Unlabelled snaps a mystery
There’s a school of thought that we should still print photos and not rely on saving them to computers or external drives. Probably a wise move.
However, my problem is that even printed photos should be well organised.
I have photos in albums, most with no dates/names/place details. I’ve always had good intentions but every time I make some inroads, I get sidetracked by the memories and the endless questions of where/when they were taken and who was in them. The rest are loose in a box. Again, details are sadly lacking. Hubby is a fan of having the date imprinted on his photos — me, not so much. Names aren’t quite such an issue as most of my photos tend to be of family or friends. Mind you, I have endless photos of friends’ babies and struggle to recall which baby belonged to which family. Fortunately, I do know which babies are mine.
When I started travelling, I learnt a few things about photos. Firstly, one decent photo is better than 50 lousy ones. Digital cameras have a delete button for a reason. If you want to create a photo book of your trip, don’t wait three years after the trip to do it. Believe me, you will not know where half the pictures were taken or even what they were of.

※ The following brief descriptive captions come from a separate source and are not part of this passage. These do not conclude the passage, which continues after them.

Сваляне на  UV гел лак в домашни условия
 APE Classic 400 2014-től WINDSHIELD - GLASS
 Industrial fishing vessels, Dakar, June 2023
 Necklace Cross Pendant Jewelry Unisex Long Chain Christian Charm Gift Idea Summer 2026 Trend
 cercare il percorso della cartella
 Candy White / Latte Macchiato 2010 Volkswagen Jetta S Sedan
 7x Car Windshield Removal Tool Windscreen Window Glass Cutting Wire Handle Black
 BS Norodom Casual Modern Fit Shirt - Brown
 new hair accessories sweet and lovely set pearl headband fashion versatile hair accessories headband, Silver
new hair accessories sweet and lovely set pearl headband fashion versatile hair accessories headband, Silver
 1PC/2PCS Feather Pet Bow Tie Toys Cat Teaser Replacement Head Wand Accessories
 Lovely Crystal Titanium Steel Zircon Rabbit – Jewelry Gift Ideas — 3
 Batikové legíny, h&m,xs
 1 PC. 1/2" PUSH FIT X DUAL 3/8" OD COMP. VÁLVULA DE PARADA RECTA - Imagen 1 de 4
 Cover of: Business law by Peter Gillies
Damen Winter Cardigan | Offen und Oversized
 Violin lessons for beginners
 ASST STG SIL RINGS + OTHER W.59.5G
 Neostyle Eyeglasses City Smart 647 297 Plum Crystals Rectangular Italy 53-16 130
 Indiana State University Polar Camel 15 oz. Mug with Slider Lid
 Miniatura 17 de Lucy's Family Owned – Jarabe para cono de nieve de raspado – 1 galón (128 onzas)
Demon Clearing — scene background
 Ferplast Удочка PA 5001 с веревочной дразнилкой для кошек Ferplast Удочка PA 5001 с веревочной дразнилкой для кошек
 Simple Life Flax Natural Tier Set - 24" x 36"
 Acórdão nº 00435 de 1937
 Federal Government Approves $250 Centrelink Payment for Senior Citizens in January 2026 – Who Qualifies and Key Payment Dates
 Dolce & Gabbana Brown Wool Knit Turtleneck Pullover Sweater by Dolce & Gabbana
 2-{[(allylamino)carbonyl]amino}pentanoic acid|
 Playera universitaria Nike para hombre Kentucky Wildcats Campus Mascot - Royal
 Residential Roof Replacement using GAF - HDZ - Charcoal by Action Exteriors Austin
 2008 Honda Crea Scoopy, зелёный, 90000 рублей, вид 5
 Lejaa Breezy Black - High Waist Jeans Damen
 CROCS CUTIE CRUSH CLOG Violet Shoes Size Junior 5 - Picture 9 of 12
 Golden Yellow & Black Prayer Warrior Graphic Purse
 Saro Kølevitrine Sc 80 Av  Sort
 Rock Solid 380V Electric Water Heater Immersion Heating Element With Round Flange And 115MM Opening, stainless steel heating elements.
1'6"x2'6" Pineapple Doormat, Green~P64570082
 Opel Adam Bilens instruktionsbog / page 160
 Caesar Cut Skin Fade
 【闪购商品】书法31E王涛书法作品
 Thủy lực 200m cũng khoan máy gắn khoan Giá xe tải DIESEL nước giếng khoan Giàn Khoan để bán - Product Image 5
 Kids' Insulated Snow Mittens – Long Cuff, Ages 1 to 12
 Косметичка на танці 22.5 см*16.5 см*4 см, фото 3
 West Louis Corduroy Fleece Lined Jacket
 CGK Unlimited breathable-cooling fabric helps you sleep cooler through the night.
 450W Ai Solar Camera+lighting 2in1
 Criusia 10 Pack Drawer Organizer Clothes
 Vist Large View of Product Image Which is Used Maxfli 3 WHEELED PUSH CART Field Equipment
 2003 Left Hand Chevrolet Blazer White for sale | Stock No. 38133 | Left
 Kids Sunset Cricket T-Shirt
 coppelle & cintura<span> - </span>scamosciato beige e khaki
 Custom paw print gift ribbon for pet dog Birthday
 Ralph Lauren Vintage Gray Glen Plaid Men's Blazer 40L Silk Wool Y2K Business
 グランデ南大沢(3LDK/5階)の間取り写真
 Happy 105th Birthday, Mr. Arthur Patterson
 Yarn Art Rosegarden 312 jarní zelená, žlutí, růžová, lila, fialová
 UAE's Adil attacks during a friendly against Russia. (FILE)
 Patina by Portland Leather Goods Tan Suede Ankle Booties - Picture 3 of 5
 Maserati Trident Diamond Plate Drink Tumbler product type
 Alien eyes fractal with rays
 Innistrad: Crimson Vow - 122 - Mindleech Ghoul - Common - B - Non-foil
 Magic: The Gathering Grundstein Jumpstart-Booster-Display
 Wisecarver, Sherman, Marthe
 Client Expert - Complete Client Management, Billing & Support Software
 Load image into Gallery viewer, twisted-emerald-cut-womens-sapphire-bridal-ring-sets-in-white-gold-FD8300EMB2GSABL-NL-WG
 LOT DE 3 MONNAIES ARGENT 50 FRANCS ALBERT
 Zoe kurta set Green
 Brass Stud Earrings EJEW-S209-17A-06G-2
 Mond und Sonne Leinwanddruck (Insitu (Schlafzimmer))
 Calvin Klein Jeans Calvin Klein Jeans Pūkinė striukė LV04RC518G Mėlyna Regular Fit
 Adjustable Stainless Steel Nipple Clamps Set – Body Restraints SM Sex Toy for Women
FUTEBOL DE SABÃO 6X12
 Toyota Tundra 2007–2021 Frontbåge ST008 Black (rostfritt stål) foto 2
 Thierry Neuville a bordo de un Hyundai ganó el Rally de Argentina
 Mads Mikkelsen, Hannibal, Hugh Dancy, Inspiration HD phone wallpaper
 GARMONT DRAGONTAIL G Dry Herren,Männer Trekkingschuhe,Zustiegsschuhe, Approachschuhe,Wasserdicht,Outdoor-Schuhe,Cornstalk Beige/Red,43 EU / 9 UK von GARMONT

One lake looks very like another and hills/mountains/ scenery do not tend to be very obvious in terms of location/names.
The number of photos I have can be partly blamed on my periodic forays into trying to be a photographer. Just today, I deleted some photos when it appeared I was experimenting with taking photos in our front yard in the dark. Needless to say, there were just a lot of very dark and average photos. What was I saying about using their delete button on digital cameras?
Everyone knows you get stunning sunsets in the outback and every time I see one, I feel the need to snap a photo of it. I’m sure my kids will thank me when I’m gone, and they have to sort through endless sunset photos.
They won’t have to worry too much about sunrise photos — I don’t seem to get too many of them for some reason.
Mind you, I may have some hope of identifying maybe half of mine, but when it comes to hubby’s cattle photos, he’s on his own.
One day the writer's children may inherit endless unlabelled photos of outback sunsets and other people's babies.